Contrarian Investing is Based on Fundamentals
Contrarians aren’t rebellious teens, rejecting their parents’ way of investing. What the piece misses is that contrarian investing is based on fundamentals. Many times popular investment sentiment is not. Do we need to remind you of the dot com and housing bubbles?
Investment U defines a contrarian investor as someone who believes in independent wealth building and profits rather than the actions of the herd. The key isn’t to go against the grain for the sake of being different, but to find opportunities based on solid fundamentals that are ignored or shunned by everyone else. And if this is done successfully, then you get in on the ground floor and watch profits rise as the rest of the investment world gets a clue.
In Cramer’s defense, I believe he’s specifically speaking about those investors who are looking at whether a sector is under or overweighted compared to the S&P 500 in an attempt to time the market. But that definition doesn’t cover the whole contrarian movement.
The Vast Spectrum of Contrarian Investing
I don’t think anyone out there would call Jim Rogers, George Soros, or Warren Buffett contrarian day traders. However, the contrarian part of that statement is true.

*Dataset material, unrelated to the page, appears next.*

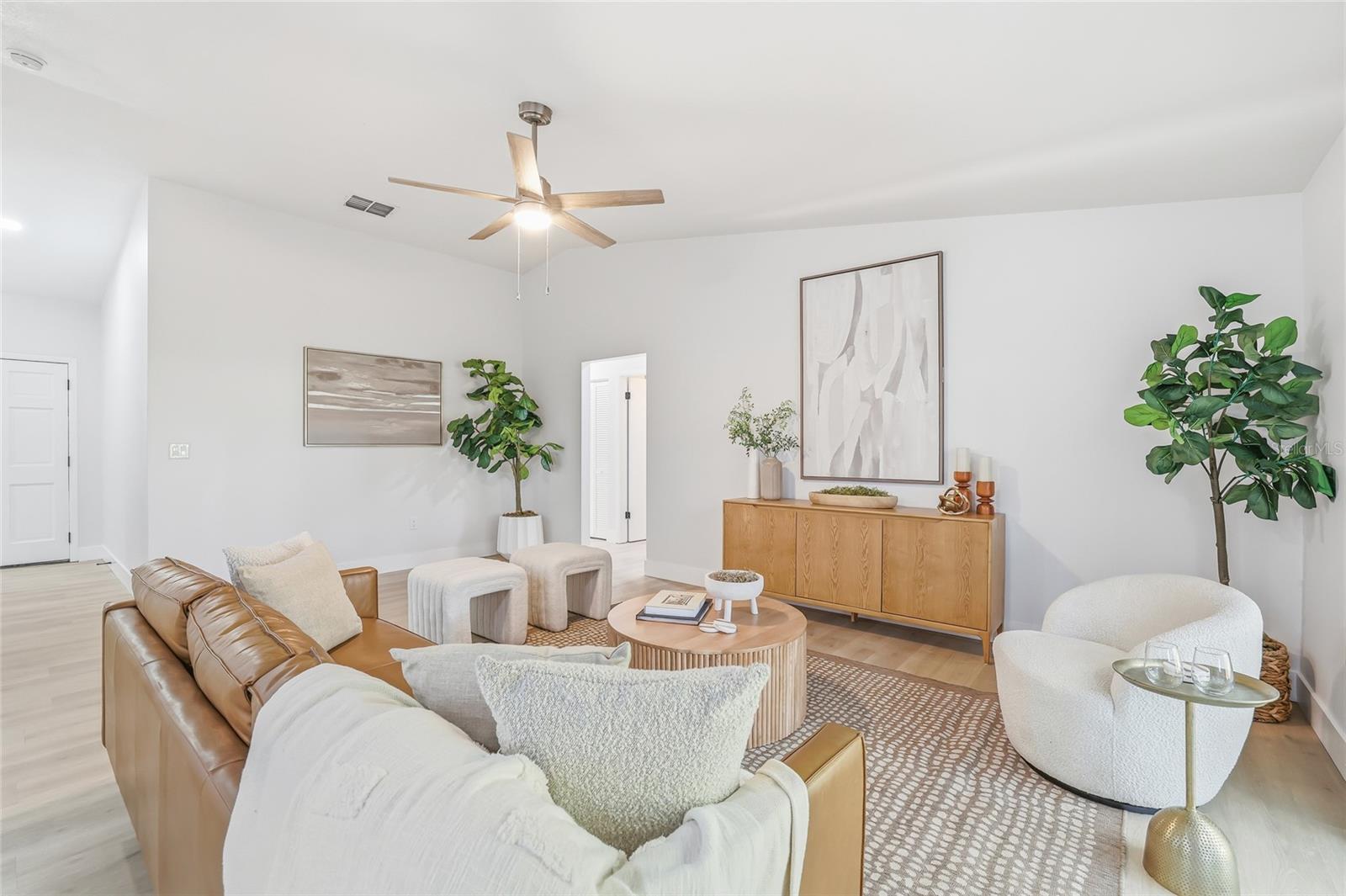 Image 4 of 36 For 6813 Circlecreek Drive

- Jim Rogers loves buying undervalued assets. What he saw in gold and silver over a decade ago, he currently sees in the agricultural sector. Agriculture prices are – on a historical basis – extremely depressed and this is where he sees his next opportunity.
- On September 16, 1992, Black Wednesday, Soros’ fund sold short more than $10 billion in pounds, profiting from the U.K. government’s reluctance to either raise its interest rates to levels comparable to those of other European Exchange Rate Mechanism countries or to float its currency.
- Warren Buffett is famously “greedy when others are fearful and fearful when others are greedy.” He focuses on the quality of the business rather than the short-term or near-future share price or market moves. He takes a long-term, large scale, business value-based investment approach that concentrates on good fundamentals and intrinsic business value, rather than the share price. His recent bets on housing are a good example of his contrarian prowess.
So, I do agree with Cramer that investors should avoid investing simply on sentiment. But that’s not our brand of contrarian investing anyways. We look for fundamentally strong businesses in areas where many investors essentially threw the baby out with the bathwater.